リュキア文字 英 Lycian alphabet
紀元前 1 千年紀に小アジア西南部のリュキアで用いられていたアルファベット系の文字。現存する資料の大部分は,岩や石棺に刻まれた墓碑銘で,その所属年代は大体前 5~前 4 世紀である。この文字で記されたリュキア語は,古代小アジアの謎の言語として 19 世紀以来多くの学者がその解読に取り組んできたが,20 世紀半ば以降,印欧アナトリア語派の 1 つルウィー語と関連付けられることによって,急速に解明が進んだ。[松本]

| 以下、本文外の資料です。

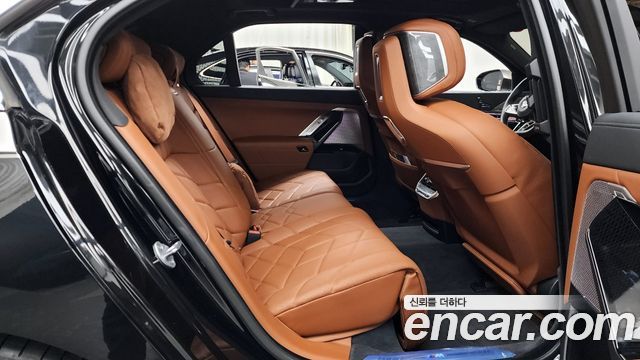 BMW 7 Series (G70) 740i xDrive M Sport 2024 — фото 12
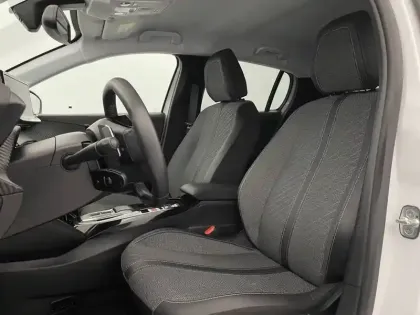 Photo 13 Peugeot 208  Hybrid 100 e-DCS6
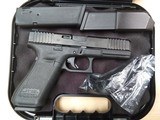 GLOCK 22 G22 Gen 5 .40 S&W - 2 of 3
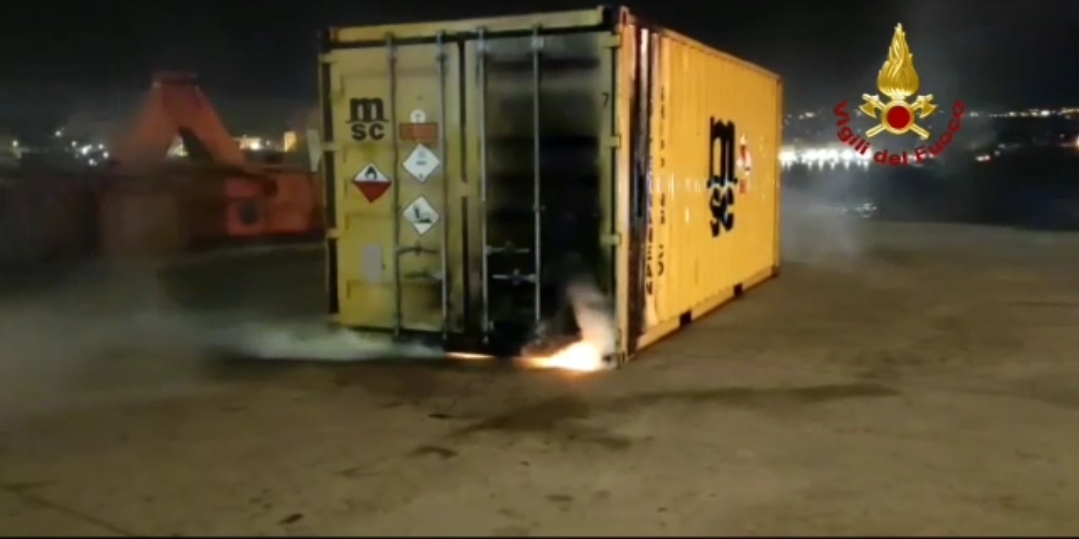 PAURA IERI AL PORTO DI CATANIA, FIAMME IN UN CONTAINER CONTENENTE FOSFORO GIALLO SU NAVE LIBERIANA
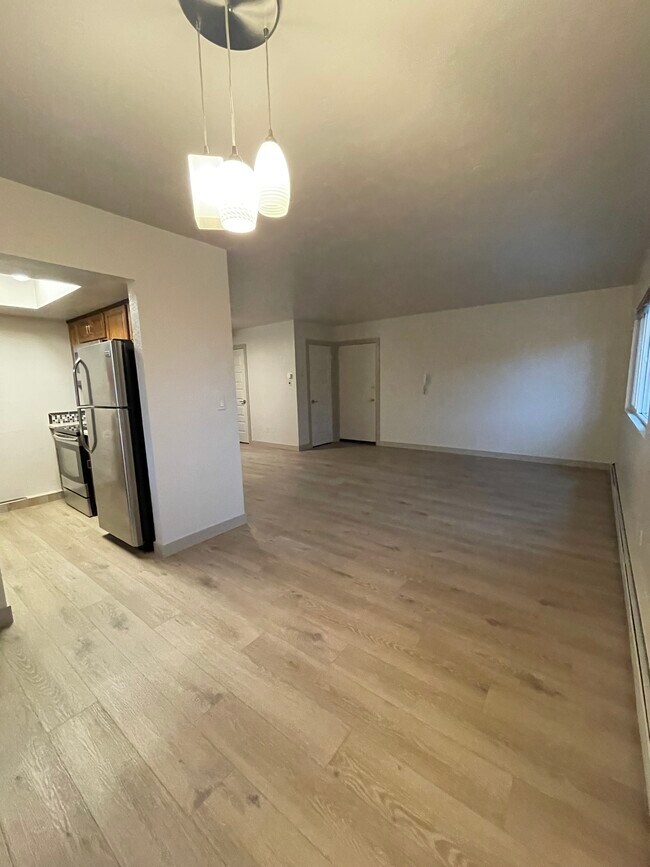 Foto del edificio - 1140 Walnut Ave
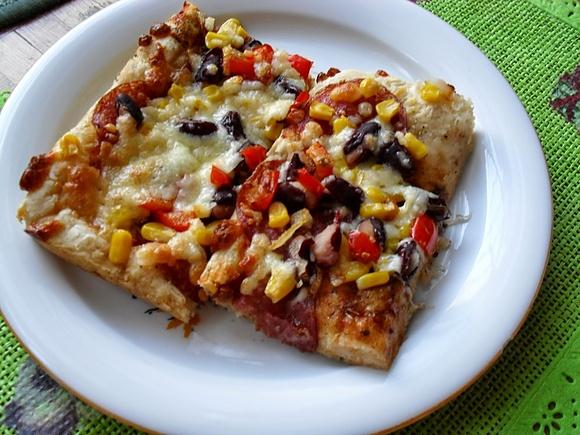 Meksykańska pizza z salami i warzywami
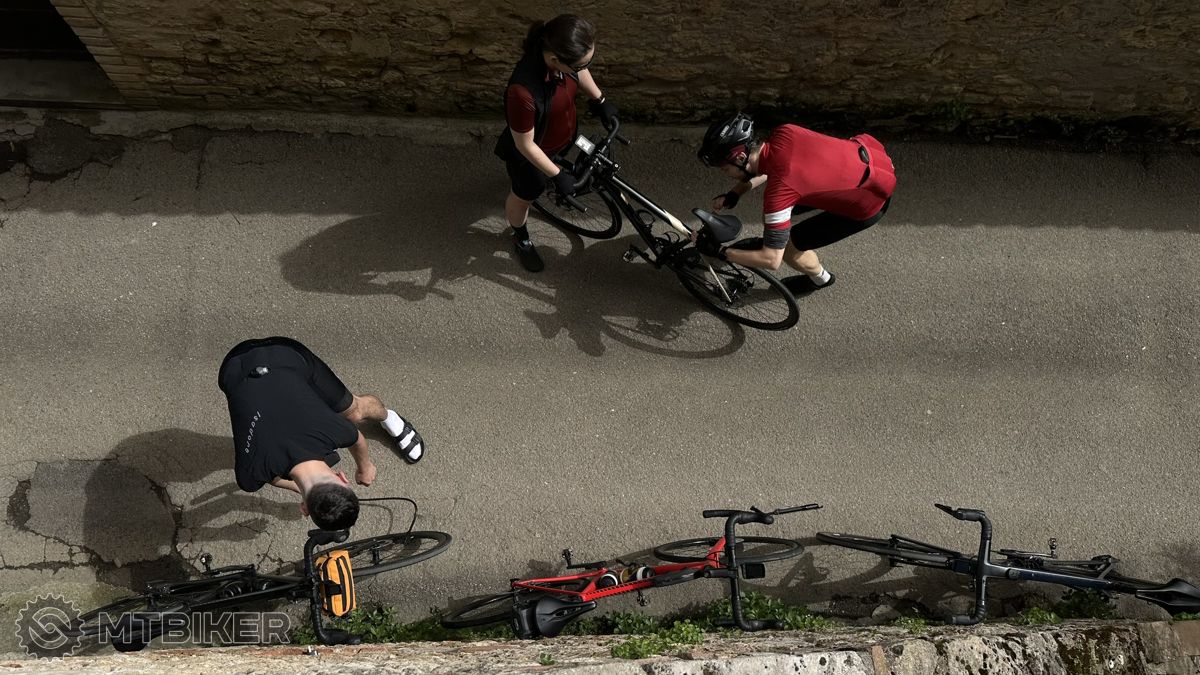 Toskánsko, jarná cyklsitika, výlet, cyklisti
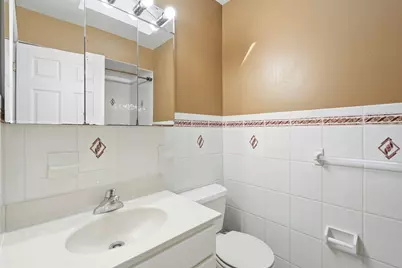 83 Oakland Ave, Jersey City, NJ 07306 - Photo 28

リュキア文字の直接の手本となったのは,おそらく西ギリシア型の文字(Western Greek alphabet)であり,また,字形その他から見て,成立した時期は,他の小アジア系アルファベットよりもおそらく新しいであろう。
文字構成
リュキア文字は全部で 29 の文字からなり,各々の文字の字体やその使用法は,他の小アジアの文字体系に比べて,きわめて統一的で,時代や地域による相違はあまり認められない。リュキア文字の配列に見るように,29 種のうち 17 種の文字は,ギリシア文字とほとんど同形か,あるいはその変形で,音価もギリシア文字のそれとほぼ同じと見られる。残りの 12 文字は,リュキア語の表記のためには不要なギリシア文字を,自国語の固有の音の表記に転用するなど,何らかの改変ないし創造を加えたものである。
リュキア文字例
サンプルテキスト
サンティアン・オベリスクに記された碑文の一部 [Nikolas lloyd / CC BY-SA 3.0 / 出典] |
リュキア文字で書かれたピクソダロスの勅令 [BabelStone / CC BY-SA 3.0 / 出典] |
テキスト入力
ユニコード
ユニコードのリュキア文字の範囲は U+10280..U+1029F である。対応するフォントは, Noto Sans Lzcian などがある。
注
- 松本克己 (2001)「リュキア文字」河野六郎 [ほか] 編著『言語学大辞典 別巻 (世界文字辞典)』三省堂, p. 1126.